BoppreH: Controversial opinion from a casual user, but state-of-art LLMs now feel to me more intelligent then the average person on the steet. Also explains why training on more average-quality data (if there's any left) is not making improvements.But LLMs are hamstrung by their harnesses. They are doing the equivalent of providing technical support via phone call: little to no context, and limited to a bidirectional stream of words (tokens). The best agent harnesses have the equivalent of vision-impairment accessibility interfaces, and even those are still subpar.Heck, giving LLMs time to think was once a groundbreaking idea. Yesterday I saw Claude Code editing a file using shell redirects! It's barbaric.I expect future improvements to come in large discontinuous steps from harness improvements, especially around sub agents/context rollbacks (to work around the non-linear cost of context) and LLM-aligned "accessibility tools". That, or more synthetic training data.
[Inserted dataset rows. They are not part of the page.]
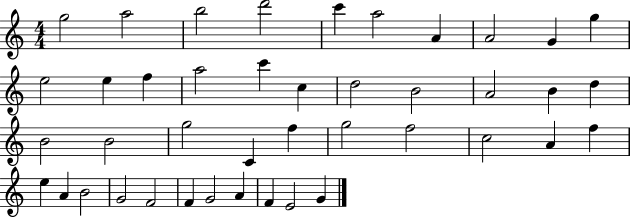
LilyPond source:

{
  \clef treble
  \numericTimeSignature
  \time 4/4
  \key c \major
  g''2 a''2 | b''2 d'''2 | c'''4 a''2 a'4 | a'2 g'4 g''4 | \break e''2 e''4 f''4 | a''2 c'''4 c''4 | d''2 b'2 | a'2 b'4 d''4 | \break b'2 b'2 | g''2 c'4 f''4 | g''2 f''2 | c''2 a'4 f''4 | \break e''4 a'4 b'2 | g'2 f'2 | f'4 g'2 a'4 | f'4 e'2 g'4 | \break \bar "|."
}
jygg4: The issue with llm’s is trust.I don’t see that ever going away. Humans have learned to trust other humans over a large time scale with rules in place to control behaviour.
xyzsparetimexyz: Steet? Do you mean street? They're smarter in the same way a search engine is smarter.
This means llms have not improved in their programming abilities for over a year.
codeulike: This means llms have not improved in their programming abilities for over a year. Isn’t that wild? Why is nobody talking about this?Because hype makes money.